Such ethnocultural questions are not only being asked in Richmond. Based on ethnicity, the larger region of Metro Vancouver has in the past few decades become the most Asian major metropolis outside Asia. The ethnic Chinese population alone has mushroomed in a decade by 24 per cent, to a total of 500,000 residents. That’s out of Metro Vancouver’s total population of 2.5 million.
The expansion of the ethnic Chinese population is just one of the most obvious ethnic developments in the metropolis, which for thousands of years was home only to Indigenous villagers. Mostly European settlers then arrived in the late 1800s and continued to predominate until the 1970s.
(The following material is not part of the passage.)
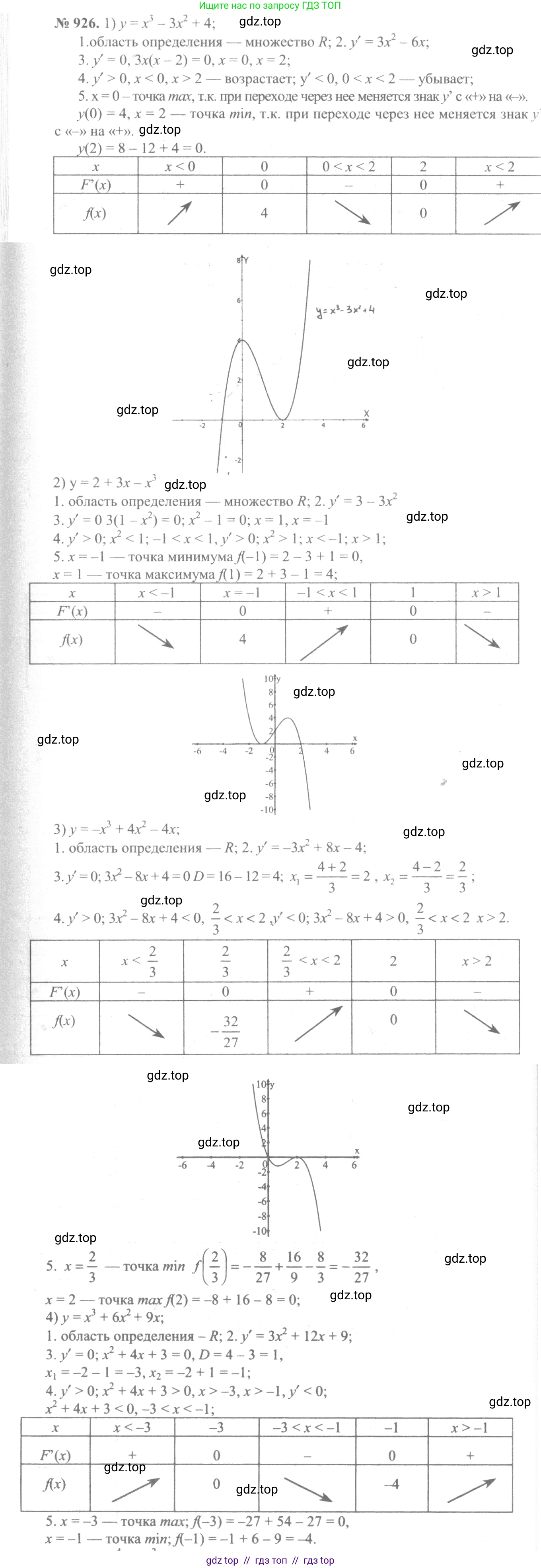 Алгебра, 10-11 класс Учебник, авторы: Алимов Шавкат Арифджанович, Колягин Юрий Михайлович, Ткачева Мария Владимировна, Федорова Надежда Евгеньевна, Шабунин Михаил Иванович, издательство Просвещение, Москва, 2014, страница 276, номер 926, Решение 3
Since the 1980s, however, census ethnic data shows newcomers have come from scores of other ethnic backgrounds, mostly Asian, which have been refashioning the city and its neighbourhoods.
Some ethnic groups have formed highly concentrated enclaves, others have spread themselves more thinly across Metro Vancouver.
Readers can now view these changing ethnic patterns online, with graphics designed by Postmedia data journalist Nathan Griffiths. His interactive maps and charts show how rapidly the region’s ethnocultural demographics have altered in the 10-year period up to the census in 2016.
After ethnic Chinese, the second biggest Asian cohort is made up of 243,000 people with ethnic roots in India. The census cites those of “East Indian” origin have increased by 34 per cent between 2006 and 2016. Many of them moved to the vibrant community forming in North Surrey.
The fastest-growing group by far is of people of Filipino extraction. They’ve swelled by 60 per cent in a decade, to a total of 134,000.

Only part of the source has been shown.